The verdict on Monday underscored the continuing determination of at least a part of the Egyptian judicial system to treat support for the ousted president as treason. (By David Kirkpatrick, New York Times, March 24, 2014)
Of course, this story does not have the intellectual 'right' to be included in a piece about ethnic cleansing, because of the charge of treason that covers the motivation of those conducting the executions. However, is it not tantamount to a kind of internal ethnic cleansing of people whose actions, beliefs and religious practices do not conform with what is expected by those in power in Cairo?
Does this story not fit into a global pattern of extermination of groups of people whose beliefs, attitudes and cultures are unacceptable to those with either legitimate political power, or self-declared power of some variety, including various brands of terrorism?

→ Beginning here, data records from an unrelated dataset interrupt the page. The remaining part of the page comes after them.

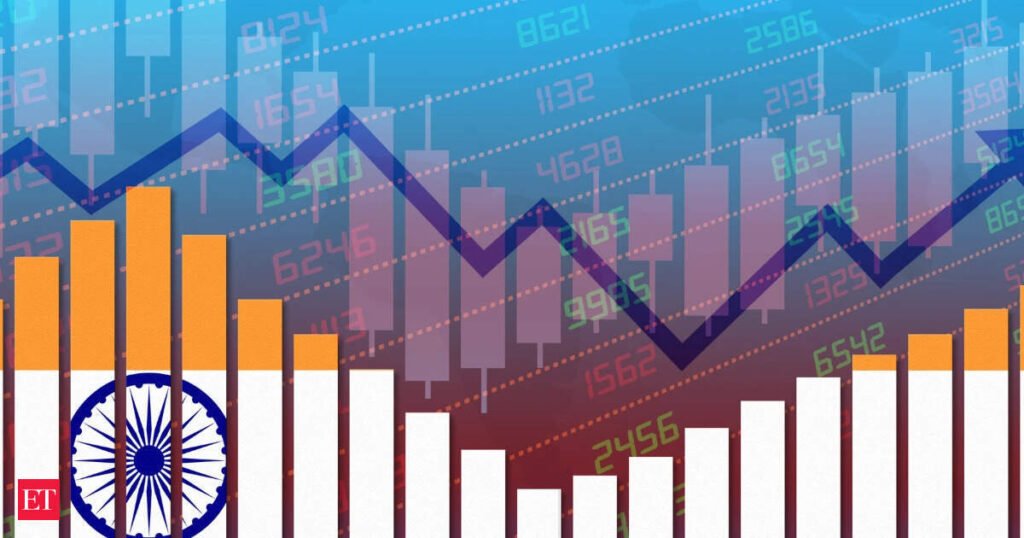 S&P retains India rating, keeps outlook stable on economic momentum
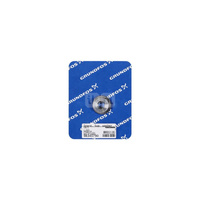 Część serwisowa CRN 1s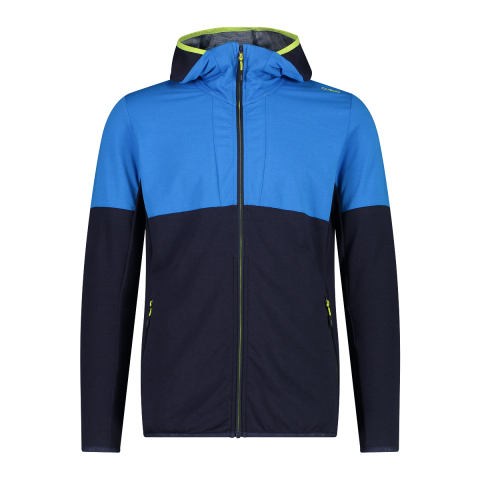 West peak store softshell jacket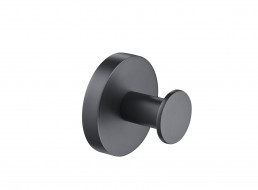 Крючок Timo Saona (13011/03) Крючок Timo Saona (13011/03)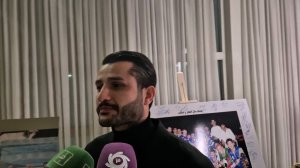 غلامی: بازیکنان باید با افتخارات استقلال آشنا باشند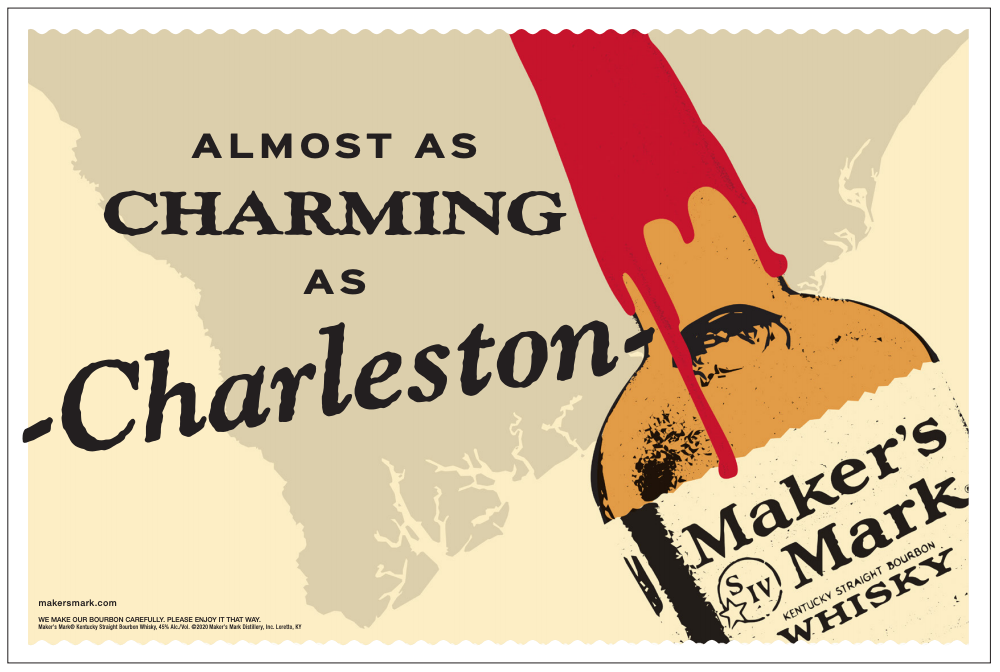 Screen Shot 2021-07-11 at 7.54.25 PM.png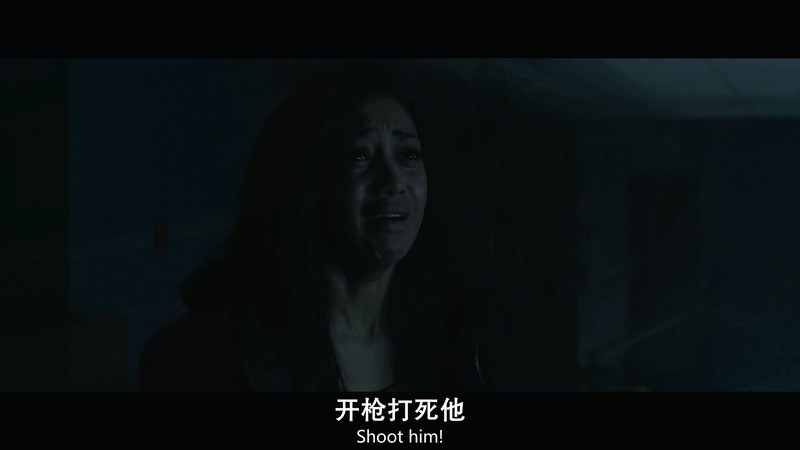 2019惊悚恐怖《拍栗得》BD720P&BD1080P.英语中英双字截图;jsessionid=E8xqiNcRIX35CoE2jM9lM5U3ZjNxJWWa9oU0w-zX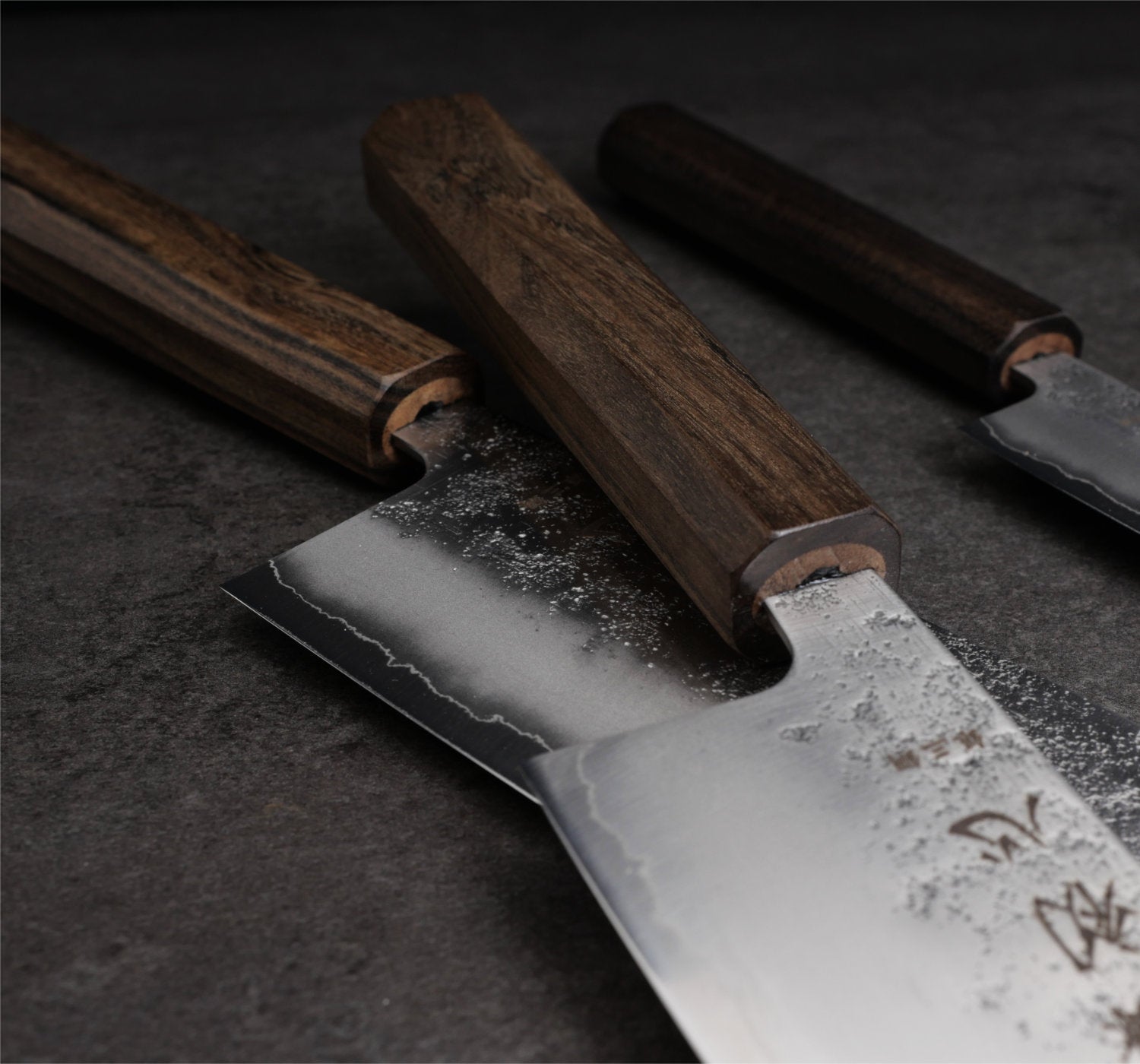 Nakiri
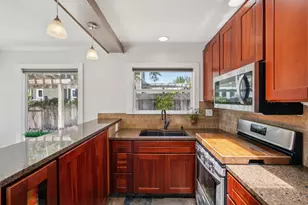 407 Columbus St, Half Moon Bay, CA 94019 - Photo 17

One has to wonder if we are not becoming so detached from the plight of minorities targeted for extermination that these stories literally bounce in front of our eyes and out of sight and out of mind, given the kind of headlines we are being fed about the 'hot button' topics of the international and national media editors.
Clearly, in spite of all the lip-service toward 'tolerance' of differences, and either  a 'melting pot' of assimiliation (the U.S. model) or a mosaic of diversity (the Canadian model), or some other concept that helps to build bridges between indigenous and immigrant, between members of one faith community and those of differing communities, or one linguistic group and a different linguistic group, these attempts are being confounded by attempts to divide, conquer and eliminate.
Putin has used the argument of 'bringing Russians back into the homeland' in his march into Crimea, backed by a sizeable plebescite on which the choices were neutrality or return, with a predictable outcome. Will he mandate those 20,000 troops on the eastern border of Ukraine to take the several cities and towns in which people with Russian roots live back into the Russian Federation? And if so, what will the counter-argument be coming from the leaders of the 'west' including the EU, the US and the meeting of the G7 (minus Putin) today?
There is a very fine line between ethnic cleansing and what Putin is determined to accomplish on what he perceives and presents as the "high ground" of welcoming the "displaced Russians" back into the Russian homeland.
At what level do these various ethnic cleansings rise to the level of the kind of ethnic cleansing that the world witnessed in Bosnia in the 1990's, of the Bosnian Serbs? At what point do these crimes against humanity rise to the level of public consciousness, irrespective of the religion or the political ideology or the linguistic and cultural roots of either  the power-brokers or the victims of the abuse of that power?